I did something incredibly stupid last night. I lost track of my surroundings and forgot where I was. I went to see a movie at The Fox Theatre, right on the border between "Midtown" and "downtown" Atlanta. I took MARTA (public transportation system) in to the train station next door by myself, and I was fine. I wandered around the blocks nearby while waiting for my friend to arrive, and I was fine. We left the theater a bit after 10 PM, and we were fine. I took a few pictures outside while we were waiting for our ride to arrive, and we were fine. Then I got distracted trying to get a particular shot, and very suddenly, things were not fine.

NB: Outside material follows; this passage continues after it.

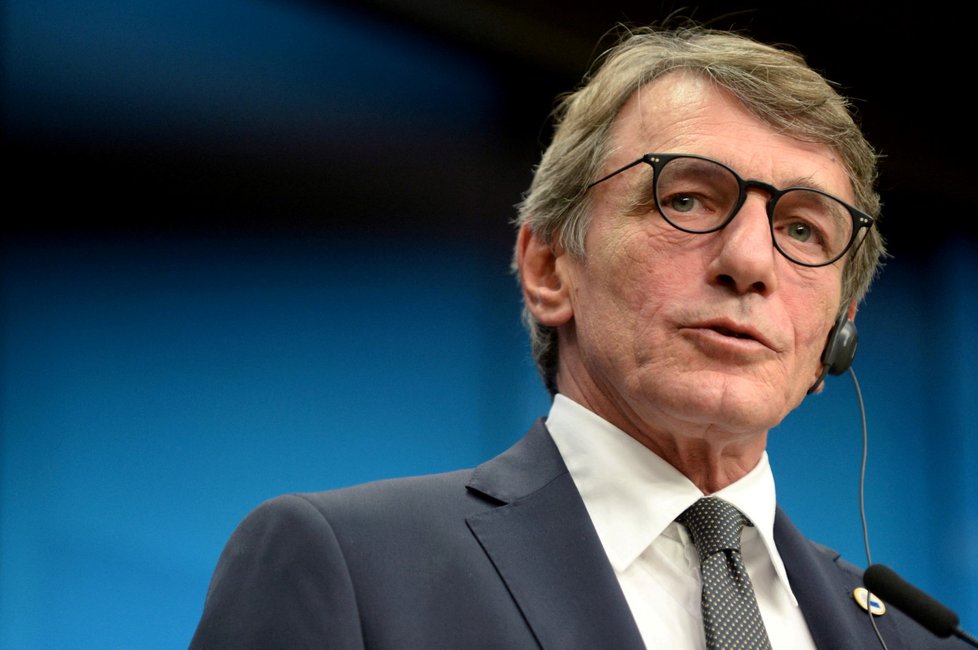 Předseda Evropského parlamentu, italský politik a novinář David Sassoli zemřel.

Up to that point, I'd been doing well. There were people coming out of the side doors where we were. There were plenty of people on the sidewalk very nearby. I was aware of all of that, and I felt perfectly safe. So I looked up and started working on a good shot of the arches overhead. I couldn't get the camera still enough (and flash ruined the effect), so I tried to vary my pose, position, and grip, trying to get a clear shot. It took longer than I thought, and when I looked back at eye level on the street, there was no one around except my friend and me, and two people approaching us asking for money.

Now these two people in particular did not set off my alarm bells. I was annoyed with them and mad at myself for being in that situation, but that's it. I did not sense any real danger with those two particular individuals. But it did smack me upside the head that I had lost track of where I was and what was going on around me, and *that* scared me. I don't mind walking some of the main areas of downtown at night, as long as I am not alone. But when I do it, I need to be focused and aware of who and what is around me, both potential dangers and potential safe havens if needed. I lost sight of that last night, and that was stupid! Our ride arrived just as we were letting them know we had no money, so it all worked out okay. But, it put the two of us in potential danger for absolutely no good reason. Stupid, stupid, stupid!! I'm still rather rattled by it this morning, as well I should be. It isn't even the actual event that scared me, just my lapse in judgement and awareness. We all need reminders now and again of how and why to be safe. Please let my scare serve as yours.

Currently feeling: stupid!

1 comment:

  1. I'm glad you were okay. Thanks for the reminder!